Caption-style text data
◇ ◇ ◇ ◇ ◇ ◇ ◇

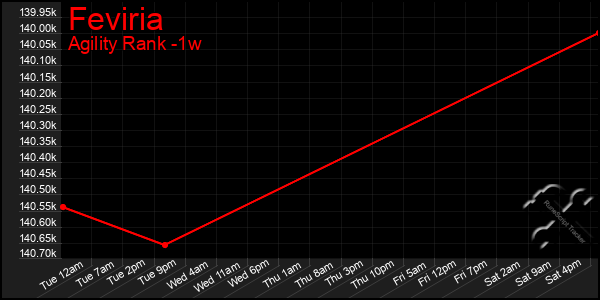 Last 7 Days Graph of Feviria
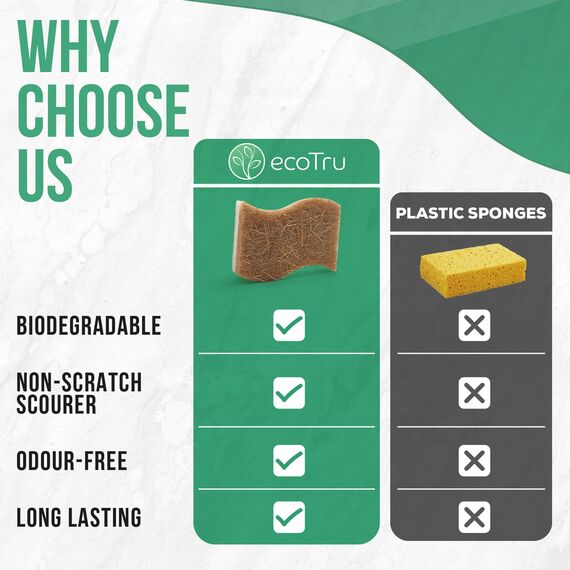 ecoTru 6 Stück Bio Spülschwamm Aus Kompostierbarer Zellulose und Kokos, Natur Reinigungsschwamm, öko und Nachhaltig Küchenschwamm, Umweltfreundlich Kitchen Sponge, Biologisch Abbaubar Geschirrschwamm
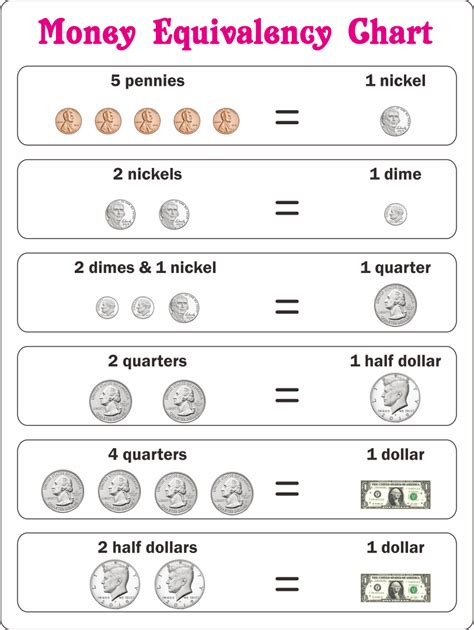 Coin Value Chart Printable Template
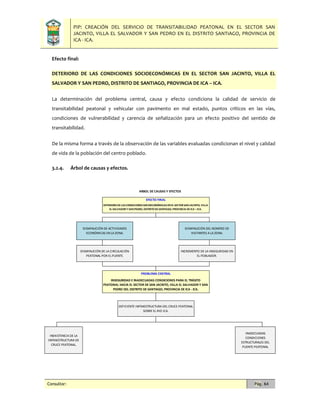 PIP: CREACIÓN DEL SERVICIO DE TRANSITABILIDAD PEATONAL EN EL SECTOR SAN
JACINTO, VILLA EL SALVADOR Y SAN PEDRO EN EL DISTRITO SANTIAGO, PROVINCIA DE
ICA - ICA.
Consultor: Pág. 64
Efecto final:
DETERIORO DE LAS CONDICIONES SOCIOECONÓMICAS EN EL SECTOR SAN JACINTO, VILLA EL
SALVADOR Y SAN PEDRO, DISTRITO DE SANTIAGO, PROVINCIA DE ICA – ICA.
La determinación del problema central, causa y efecto condiciona la calidad de servicio de
transitabilidad peatonal y vehicular con pavimento en mal estado, puntos críticos en las vías,
condiciones de vulnerabilidad y carencia de señalización para un efecto positivo del sentido de
transitabilidad.
De la misma forma a través de la observación de las variables evaluadas condicionan el nivel y calidad
de vida de la población del centro poblado.
3.2.4. Árbol de causas y efectos.
DETERIORODELAS CONDICIONES SOCIOECONÓMICAS EN EL SECTOR SAN JACINTO, VILLA
EL SALVADOR Y SAN PEDRO, DISTRITODESANTIAGO, PROVINCIA DEICA –ICA.
DEFICIENTE INFRAESTRUCTURA DEL CRUCE PEATONAL
SOBRE EL RIO ICA.
ARBOL DE CAUSAS Y EFECTOS
INEXISTENCIA DE LA
INFRAESTRUCTURA DE
CRUCE PEATONAL.
INADECUADAS
CONDICIONES
ESTRUCTURALES DEL
PUENTE PEATONAL
DISMINUCIÓN DE ACTIVIDADES
ECONÓMICAS EN LA ZONA.
DISMINUCIÓN DEL NÚMERO DE
VISITANTES A LA ZONA.
INCREMENTO DE LA INSEGURIDAD EN
EL POBLADOR.
DISMINUCIÓN DE LA CIRCULACIÓN
PEATONAL POR EL PUENTE.
INSEGURIDAD E INADECUADAS CONDICIONES PARA EL TRÁSITO
PEATONAL HACIA EL SECTOR DE SAN JACINTO, VILLA EL SALVADOR Y SAN
PEDRO DEL DISTRITO DE SANTIAGO, PROVINCIA DE ICA - ICA.
PROBLEMA CENTRAL
EFECTO FINAL
 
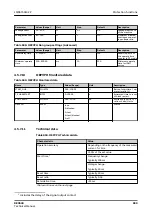 Preview for 899 page of ABB RELION REX640 Technical Manual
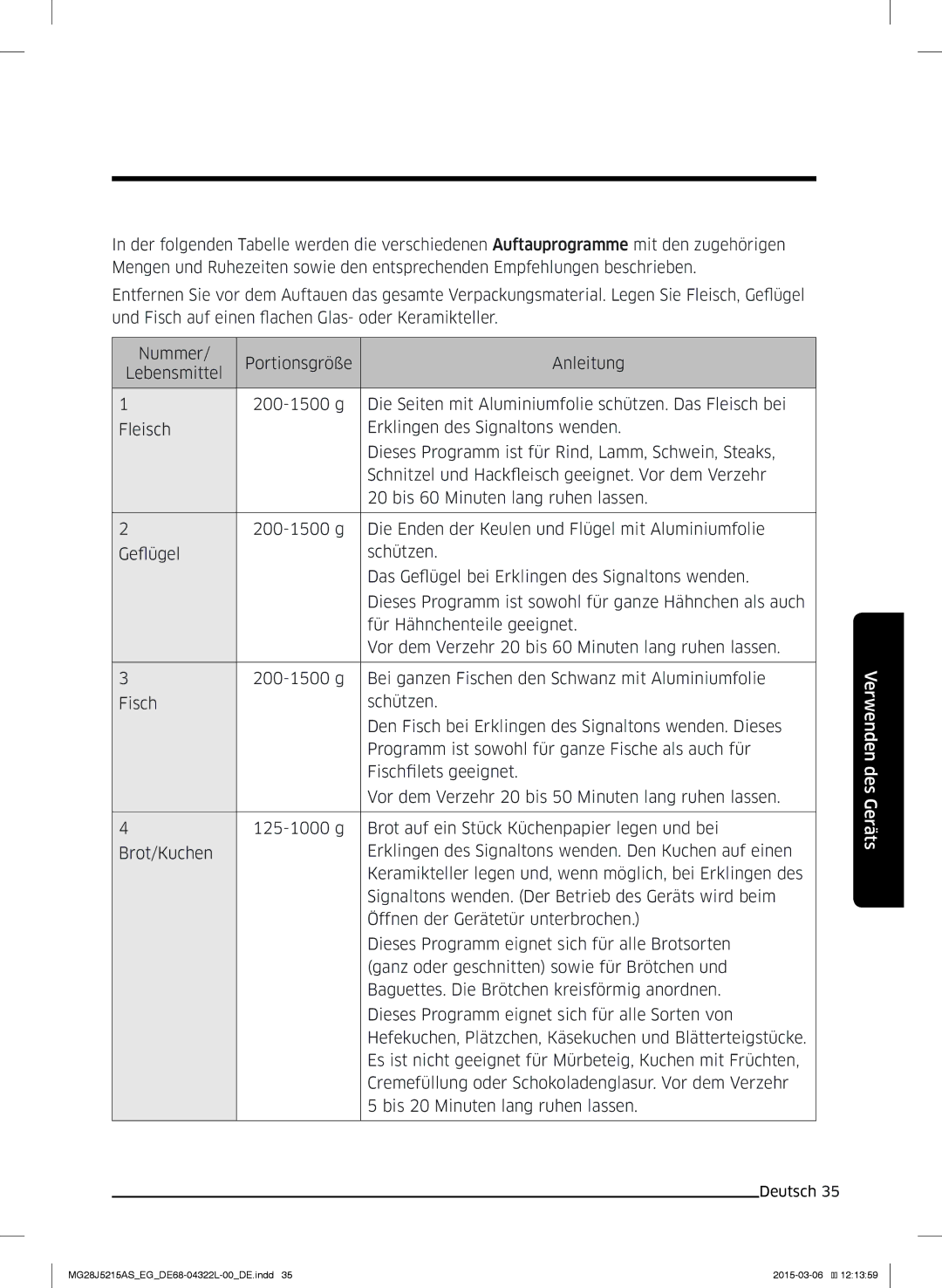 Samsung MG28J5215AB/EG, MG28J5215AB/EF manual Verwenden des Geräts 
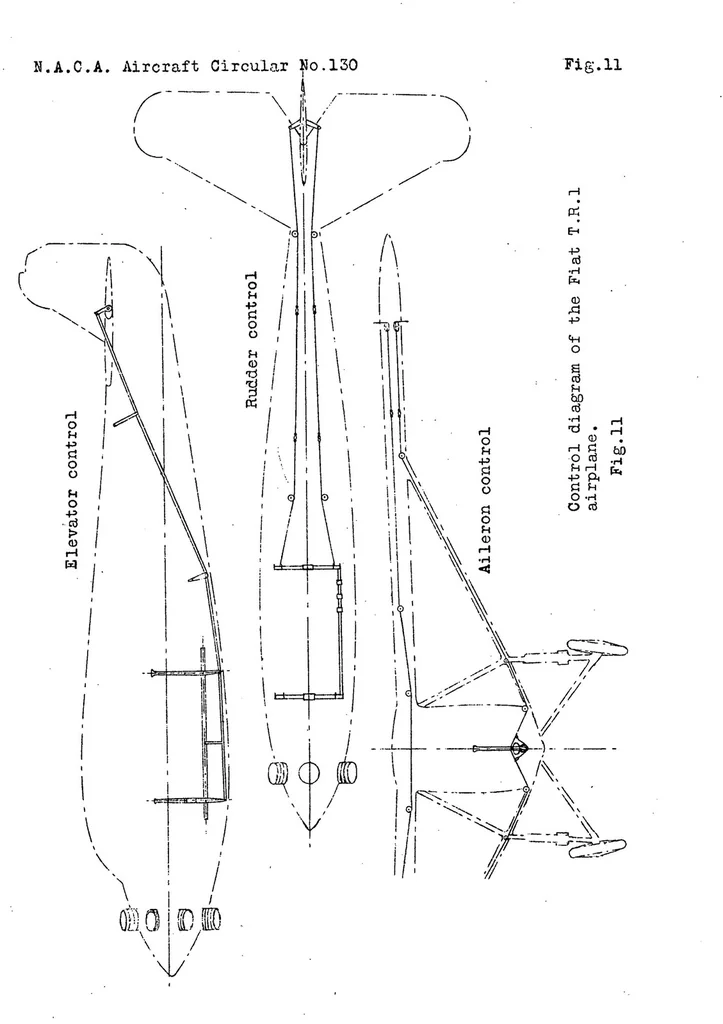 An illustration from The Fiat "T.R.1" training and touring airplane (Italian) : a two-place high-wing monoplane, 1930, leaf 17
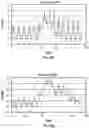 Fig. 21 - SYSTEMS AND METHODS FOR SELECTIVELY OCCLUDING THE SUPERIOR VENA CAVA FOR TREATING HEART CONDITIONS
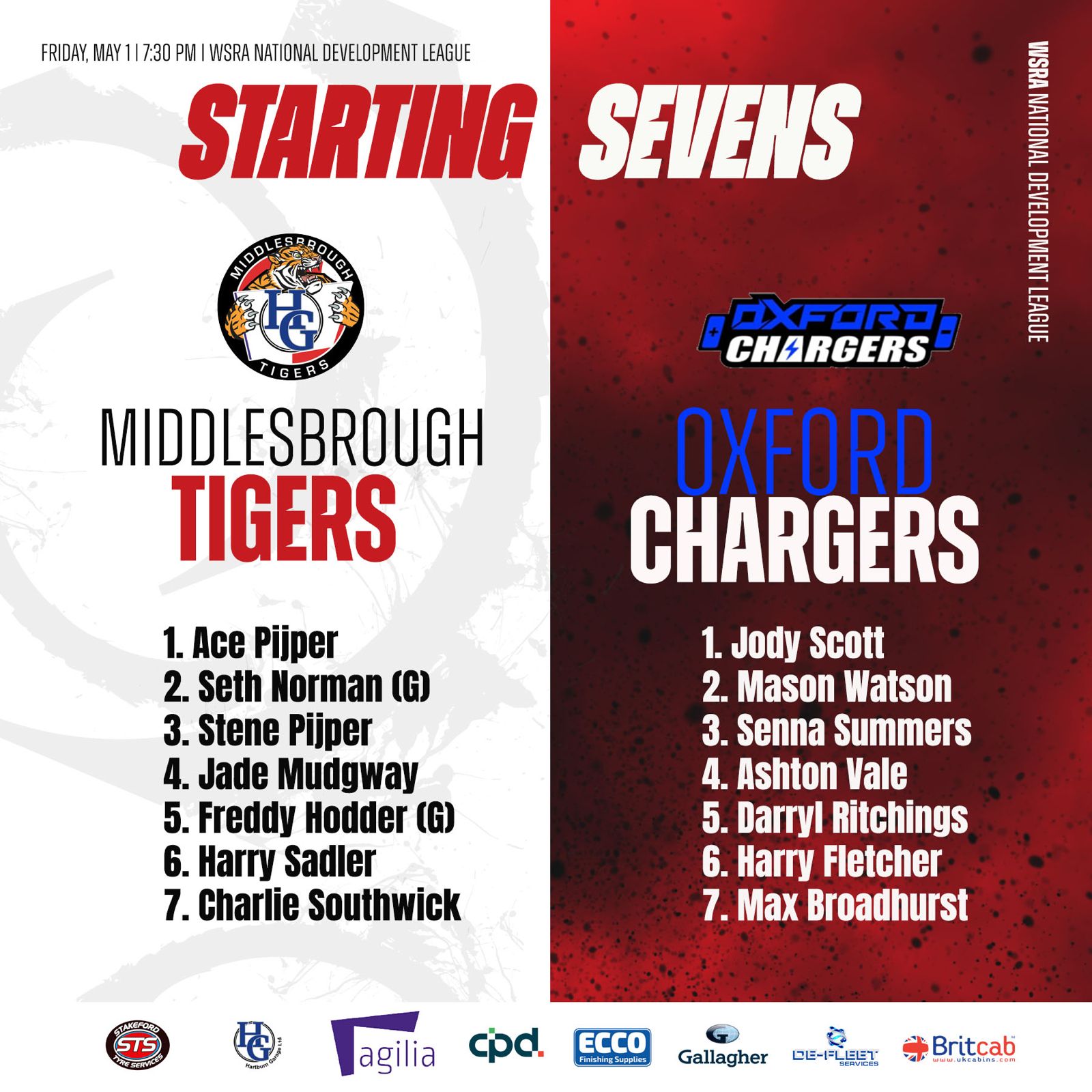 MATCH PREVIEW: MIDDLESBROUGH TIGERS vs OXFORD CHARGERS NATIONAL DEVELOPMENT LEAGUE | ECCO ARENA | FRIDAY MAY 1ST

◇ ◇ ◇ ◇ ◇ ◇ ◇

■ **REQUIREMENT**
From the records, copy out each line that includes the string "PUENTE".

■ **FINISHED EXERCISE**
PUENTE PEATONAL
PEATONAL POR EL PUENTE.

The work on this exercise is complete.